The first time you go through a loss it's really difficult because its new territory. Do you talk about it or keep it to yourself? How sad are you allowed to be before seeming pathetic? When can you begin to move on? These are all legitimate questions with no specific answer. That's why they call them learning experiences.
Still, every loss is different so even if you did learn from the time before, the second (or third or fourth or however many) time won't play by the same rules. That's what I'm finding out today.
I'm learning life is pretty much a guessing game--and this is just another proof of that hypothesis of mine.
So, anyway, that's the insight I've drawn from losing yet another toenail to marathon training.
(viewer discretion is advised)
Random interjection: I just threw my apple core across the room and IT LANDED IN THE TRASH CAN like it is supposed to GO ME
When a person runs, their toes hit the top of their shoe with each step. Such repeated trauma often results in blisters on the toes and under the toenails. I popped one under my second left toenail last night and in the process, the toenail just plum fell off.
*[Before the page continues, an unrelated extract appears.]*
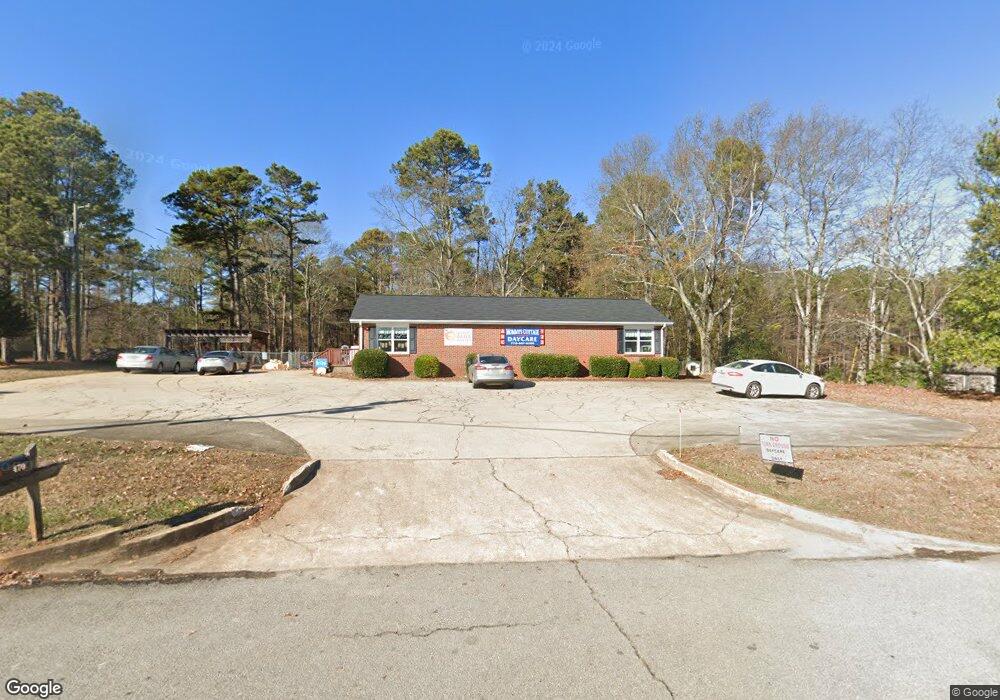 470 Jefferson Hwy, Winder, GA 30680 - photo 1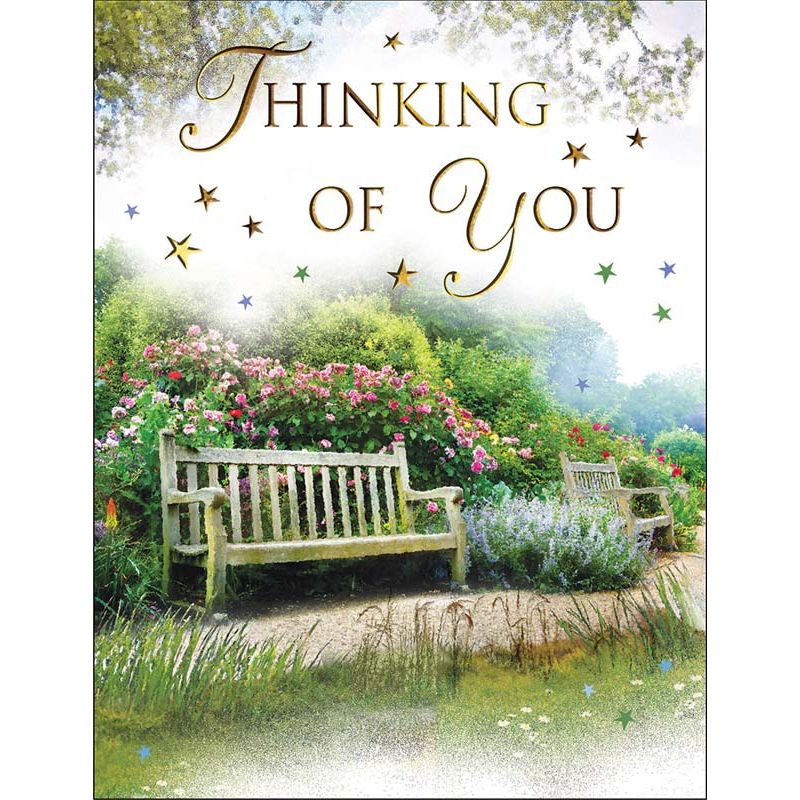 C50 THINKING OF YOU SPECIAL THOUGHTS 6S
If a toenail has a root, the root came off too so it looks like I may not be getting that toenail back in this lifetime. Loss but not quite as tragic as I may have made it out to seem.
Until next time, shalom.
Thursday, June 14, 2012
Dry but proud
As a swim coach, my swimmers know they have the opportunity to push me in the water (yes, with all my clothes on) when they win a meet. They've put in hours and hours of practice and walked around deck sopping wet for hours that night and they want to let me share in their joy in a very special way. Driving home soaking wet the way I did many times last summer was uncomfortable but I was beaming with pride the entire time because I knew exactly what went into winning that meet that resulted in pushing me in.
I've got a different team this summer--a total 180 from last years 5-year no-loss streak, this team hasn't won in quite some time. Granted, they've had some terrible coaching and less than stellar parental involvement. But things are looking up, we didn't win on Monday but we came darn close. In fact, we were winning for about 3/4 of the meet, then we just got super tired.
Although I drove home completely dry, I drove home happy and even more proud than any week last summer. I had dried tears. I had given dozens of high fives. I had screamed my face off and had shuffled up and down the deck supporting my swimmers. Mary swam 2 legs on a relay and then gotten back behind the block to swim the last leg on the following relay. Megan won 1st in the 100 back right after telling me she wasn't sure she was going to be able to do it and if she did, it would take her 5 minutes. Chase took over some spots for kids that didn't show up. Cindy (one of the moms) gave me a sippy cup of wine. Ashley promised me she'd swim up in two weeks if she could practice longer races at practice. Jackson swam some of the best butterfly I've ever seen from a 10 year-old and, more importantly, he was proud of how he did.
When I was younger, I never understood how people could say "it's not about winning" and really mean it. In my mind, that's all there was. You won or you lost. If you won you did well and if you lost, well, you didn't do enough. Now I see what it is though. I came into this summer season with the goal of transforming the team--morale, competency, responsibility, etc. That can and probably will still happen, but it is not my goal any longer. My goal is simple to say, hard to do: get kids to believe in themselves.
I want the answer to any question about their abilities to always be: YES I CAN.